I agree - the fear that we can change our lives is the real challenge. There ARE things we can control. And those things are absolutely empowering and lead to new horizons. We just have to let out a primal yell and get started in a new direction. (An internal "yell" may help us reset or stagnate situations). Thanks for the post - useful and real.

Those last two paragraphs are everything.

Brother, I don't know how you do this day in, day out? But keep on doing what you do. This post is pure science.

"his simple request for Pop-Tarts turns into a pop-quiz referencing over the ingredients on the box."

OK, let me just say that brown sugar and cinnamon Pop Tarts are the king of comfort foods. I'm wincing now because I probably should give the things up but they still have a hellacious hold over me. *sigh* We all have our kryptonite, I suppose.

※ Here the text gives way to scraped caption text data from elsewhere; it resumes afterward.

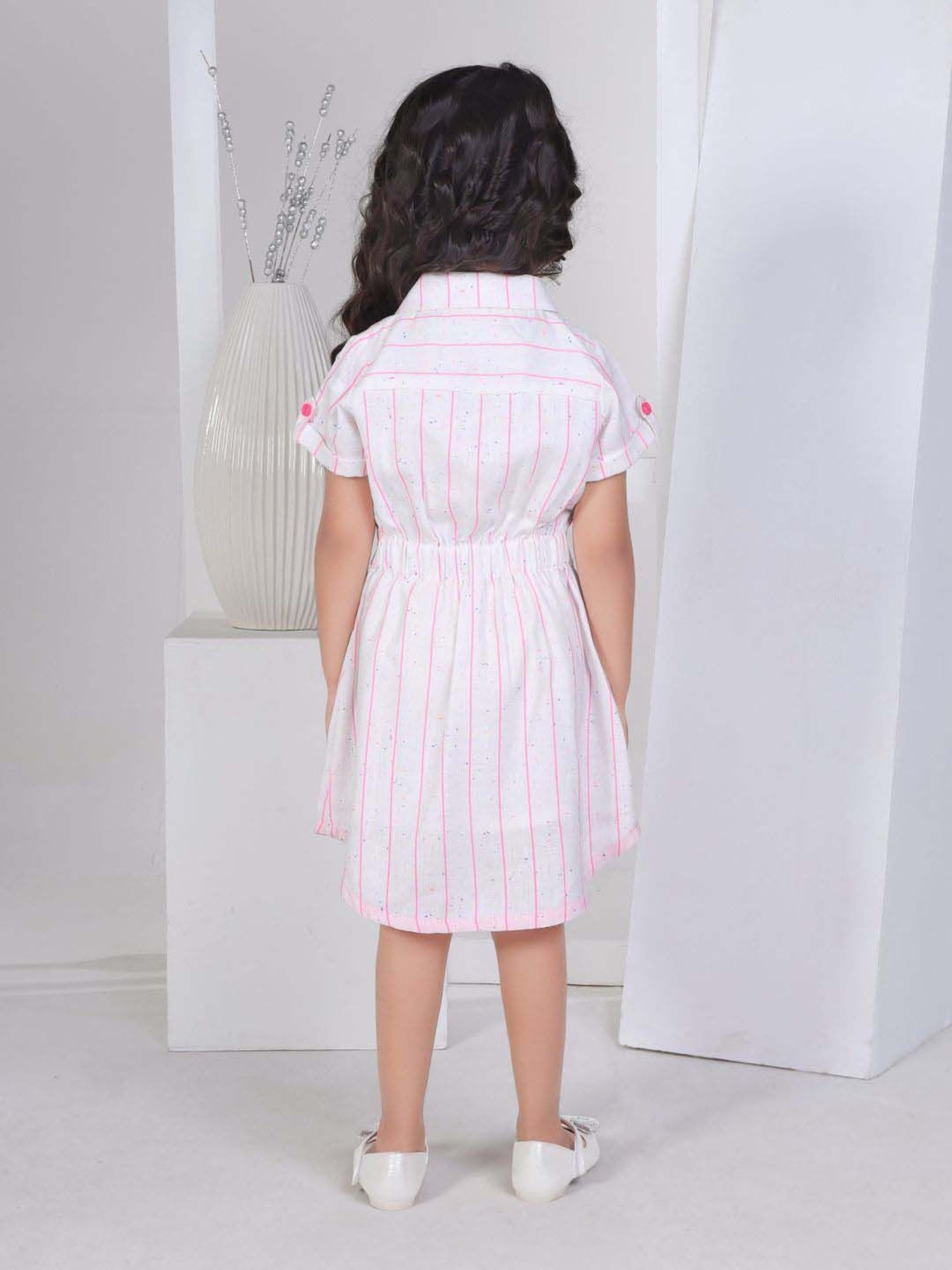 Peppermint Girls Pink Cotton Striped Dress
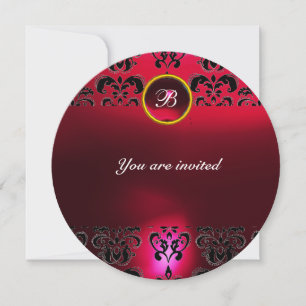 Invitación Piedra preciosa rubí damasco monograma negro rojo 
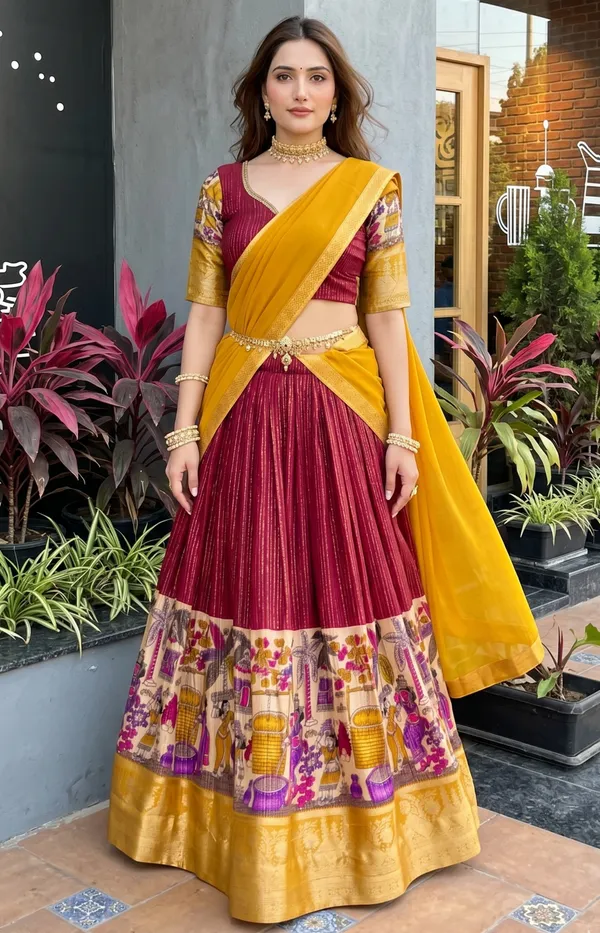 Perfectly_blended_Tussar_silk_lehenga_for_festive_season_to_charm_your_look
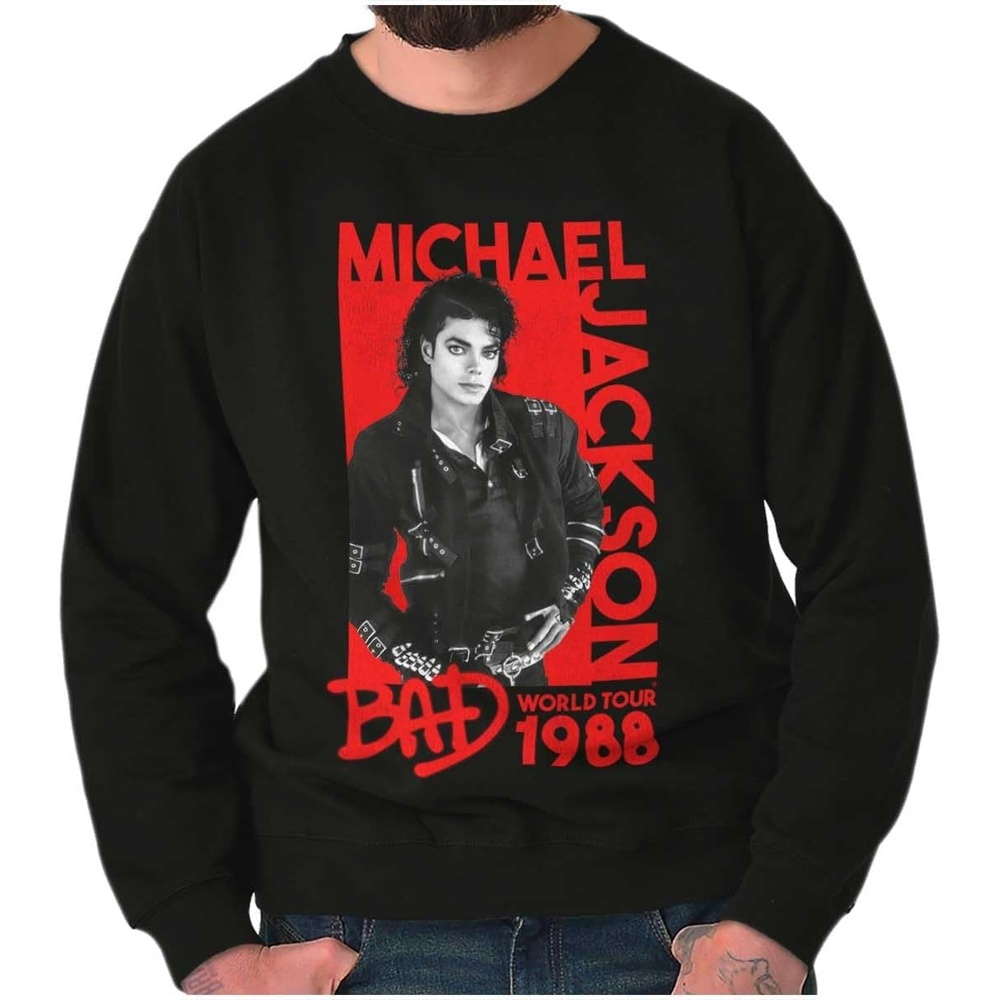 image:imageBrisco Brands Michael Jackson Bad World Tour 1988 Sweatshirt for Men or WomenBlack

Juaquin Murrieta (Replying to: Shawn)

I did this with my kids. And they hated it. "Everyone else" lives on Pop-Tarts (or in our case, Hostess Ding-Dongs) and kids are really not cool with you explaining why this is a bad idea. Ya gotta read the box? What??!? This closes up their centers. And yours, if they can manage that.

Poverty was an incentive here in our case. Not that they knew or cared how much money we had, but I both knew AND cared, and neither Pop-Tarts nor Ding-Dongs are at all a good deal so far as nutrition goes. In fact, you'd be better off pouring the money down the gutter. My kids resisted this notion, but after all, I had the wallet.

And now? The kids are adults, and have their own kids. They (the adult kids) still seem kind of fuzzy on the concept, maybe because they have so freaking much money. (Yikes! It's incredible! They're swimming in the stuff!) I go over to their houses, and there seems to be an awful lot of junk foods over there, and a lot of children fussy eaters who mostly like sugar. Hello?

But here's the deal. As a parent, I'm responsible for myself, and to some extent, for my kids. When those kids have their own kids? Then I sign off, and good luck. If, like my daughter, you won't eat whole wheat bread because you had to as my kid? Good luck to you, my dear, and to your children.

TNC--When you say "the Babas from my old Rights of Passage program", who does that mean? I've never heard that term before. In my world, my Baba is my grandmother.

sporcupine (Replying to: lebecka)

The largest single TNC feast (all highly nutritious and home-cooked) is served up in his book. The Babas are in there.

lebecka (Replying to: sporcupine)

No, sorry, maybe i was unclear. What does the word "Baba" mean? Uncle? Big guy in the neighborhood? Is it a respectful form of address to an older man?
I'm still lost.

Juba (Replying to: lebecka)

Yoruba (Nigerian) word for "daddy" or "big man" or "elder male" right, TNC?

Juba (Replying to: lebecka)

Babe = Nigerian (yoruba) word for "elder male" "father" "big man" I think.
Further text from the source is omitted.